> About this exercise:
Go through the listing below and repeat it exactly, omitting each picture.

> Data for analysis:

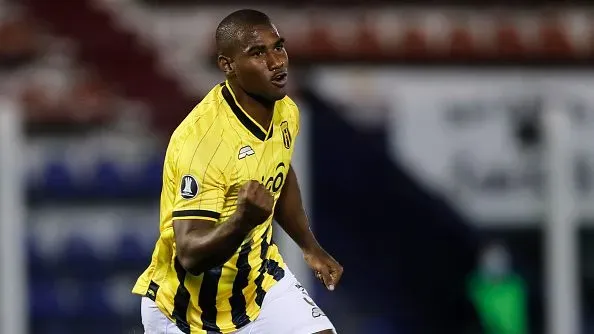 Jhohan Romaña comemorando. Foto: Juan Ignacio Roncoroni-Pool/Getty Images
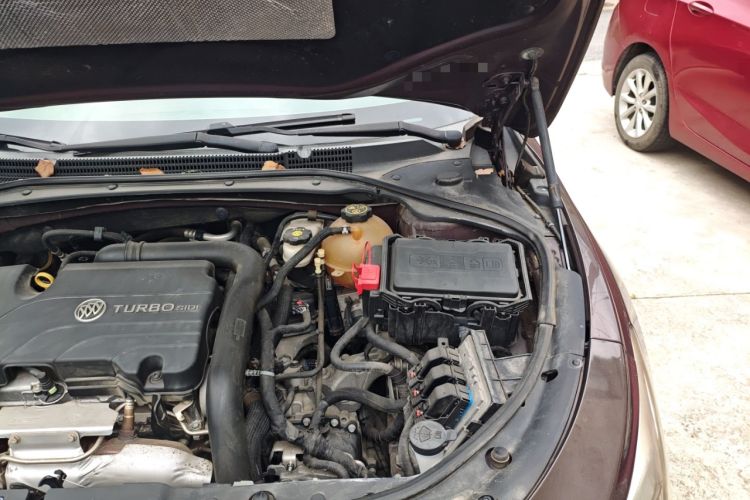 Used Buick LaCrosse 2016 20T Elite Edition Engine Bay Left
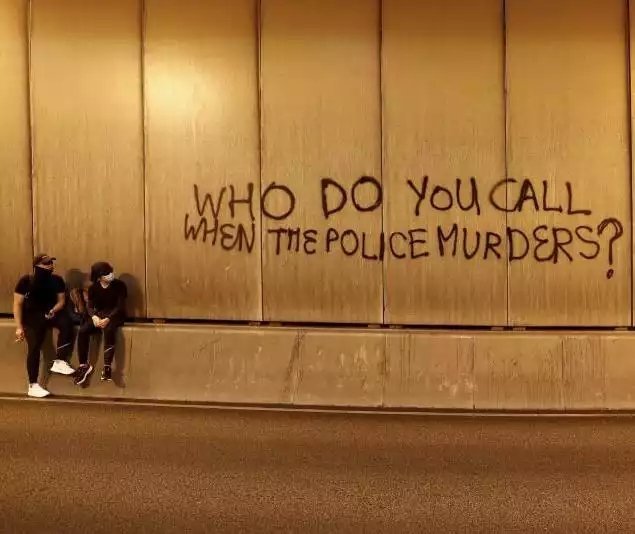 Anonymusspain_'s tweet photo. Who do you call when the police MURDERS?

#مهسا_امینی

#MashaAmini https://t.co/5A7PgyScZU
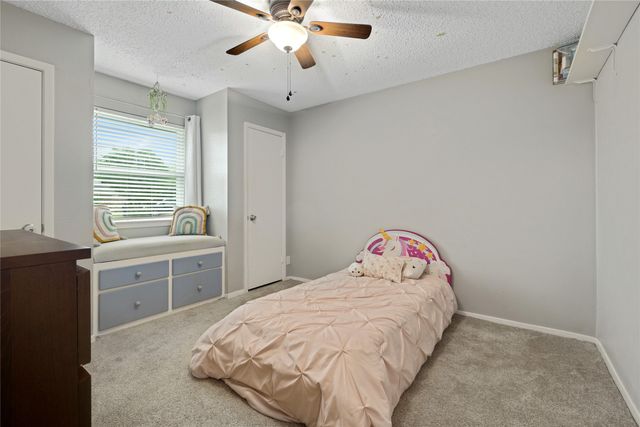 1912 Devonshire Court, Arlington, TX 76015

> Output:
 Jhohan Romaña comemorando. Foto: Juan Ignacio Roncoroni-Pool/Getty Images
 Used Buick LaCrosse 2016 20T Elite Edition Engine Bay Left
 Anonymusspain_'s tweet photo. Who do you call when the police MURDERS?

#مهسا_امینی

#MashaAmini https://t.co/5A7PgyScZU
 1912 Devonshire Court, Arlington, TX 76015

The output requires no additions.